La sindrome della saga è praticamente endemica nella letteratura fantastica italiana. Gli autori, che sono spesso profondi conoscitori e amanti del genere, creano la loro ambientazione, i loro personaggi e vogliono far vivere a questi personaggi mille avventure.
Questo non è un difetto anzi: se la saga è ben fatta, l’ambientazione è originale (o tratta in modo originale i cliché del genere) e i personaggi sono ben costruiti, una serie fantastica di un autore italiano può essere piacevole quanto l’opera di un famoso autore anglofono (penso alla saga di Derbeer dei mille anni, o a quella dell’inquisitore Eymerich), scavando un posto nel cuore del lettore che accetta mal volentieri di vederla conclusa. Ma si tratta di rare eccezioni, in una produzione di saghe che rischiano di suonare ripetitive.
Il problema è che spesso in realtà le serie italiane sono dispersive, poco appassionanti e soprattutto mancano di originalità, come se l’autore che tanto ha letto in passato (e che magari è anche appassionato di manga o anime giapponesi, altra fonte inesauribile di saghe fantastiche) invece di cercare una strada nuova decida di mettere insieme le sue conoscenze senza impegnarsi troppo a trattare un topos classico in modo innovativo, creando un mix che spesso ha un sapore già sentito.

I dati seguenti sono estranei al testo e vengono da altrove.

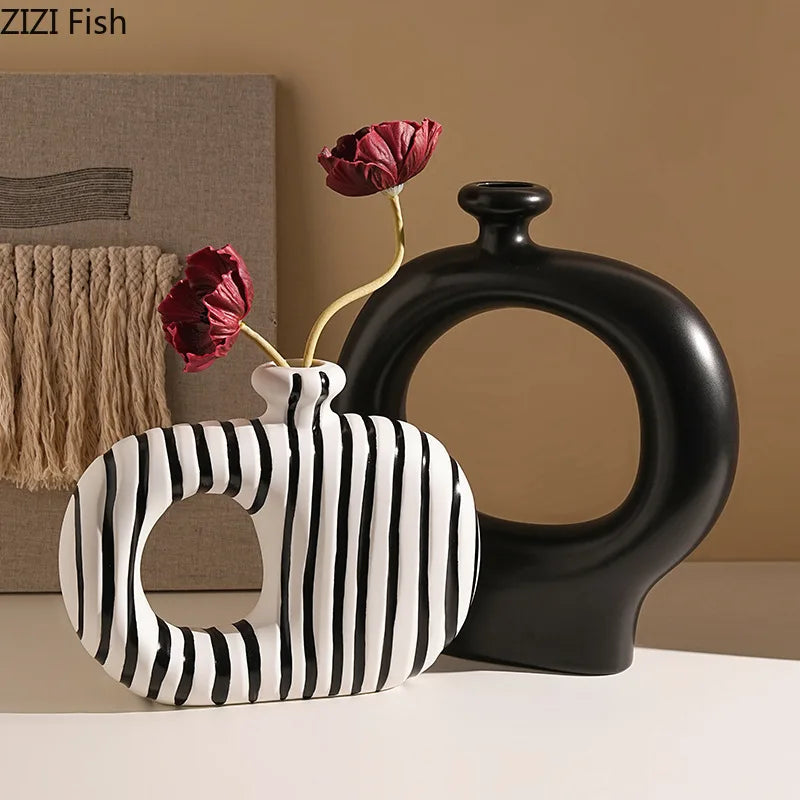 Moderne Keramikvase mit Zebra-Struktur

Oppure, un autore, magari giovane, non molto familiare con il genere, non sapendo cosa già è stato scritto, non è in grado di distinguere il già visto dal nuovo. Molte nuove saghe, anche straniere in realtà (penso a quella della Troisi, restando su terreno illustre, o di Paolini uscendo dall’Italia) hanno questo difetto: seguono un canone piuttosto banale, nel quale un vecchio lettore riesce a riconoscere facilmente gli spunti e non sempre si prova il desiderio di andare avanti nella lettura.
Non sarebbe meglio allora avere il coraggio di guarire dalla sindrome e selezionare il materiale per creare un unico appassionante romanzo, magari più lungo, tagliando i tempi morti e le scene inutili? Da piccola scrittrice dico: è difficilissimo e spesso poco soddisfacente. E infatti lo fanno in pochi, e spesso si mantiene la possibilità di un seguito (o di un riciclo di ambientazione) con un finale aperto. Perché il fantastico è così, il lettore si aspetta il seguito… e in Italia il lettore non ama il romanzo troppo lungo. Inoltre, spesso l’editore italiano, soprattutto se è un piccolo editore non ama il libro lungo (che è difficile da distribuire) e vuole guadagnare dalla tripla vendita. E noi siamo invasi dalle serie e dalle trilogie.
Da appassionata lettrice, sto imparando ad apprezzare sempre di più il romanzo autoconclusivo: spesso è più appassionante, meno dispersivo e più curato di una saga. Che poi sotto sotto spesso io speri in un seguito, magari in futuro, magari non proprio collegato alla trama principale… questa è un’altra storia.